Asset Management
Thematic ETFs, Products Thrive, Hits AuM Record

No longer just entities for tracking a stock market index, ETFs now give investors the ability to plug into a specific theme, whether it is about "green" investing, luxury, ageing of populations or demand for water resources.
The trend of thematic exchange traded funds – entities tapping
into themes such as artificial intelligence, demographic change
or luxury – continued to thrive in May, with total assets
reaching a record $414 billion, up 3.1 per cent from April,
industry figures show.
Thematic ETFs and exchange traded products listed globally
gathered $1.57 billion of net new money in May, taking inflows
since January to $50.99 billion, above the $45.62 billion for the
same period a year earlier, according to ETFGI, a research firm
tracking the space.
These index-tracking structures have proliferated massively over
the past two decades, giving investors the ability to tap into
markets in one hit, or to fine-tune exposures to themes, sectors
and sources of return in a far simpler way than before. The
growth of ETFs proved particularly strong in the decade after the
2008 financial crisis when cheap liquidity helped markets rise,
playing to the strengths of beta investing as opposed to
alpha-pursuing structures such as active funds. (The trend of
“smart beta” funds tries to create a hybrid, in which investors
can target specific sources of return in a systematic way.)
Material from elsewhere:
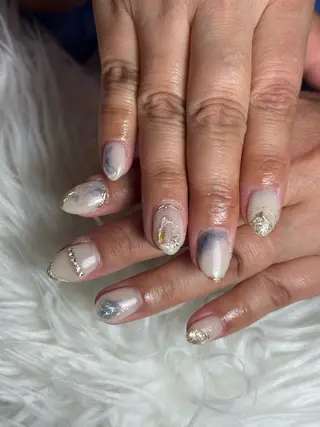 ネイル LAVISH 大和店 🤱子連れ大歓迎のネイルデザイン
The figures benefited from a general uplift in financial markets
in May. The S&P 500 Index of US stocks, for example, rose
12.62 per cent from January to the end of May.
For the ETF/ETP sector overall, they hit a record of $9.1
trillion at the end of May 2021, driven by year-to-date net
inflows of $559.48 billion.
ETFs are typically open-ended, index-based funds. ETPs, on the
other hand are like ETFs in the way that they trade and settle,
but do not use an open-end fund structure.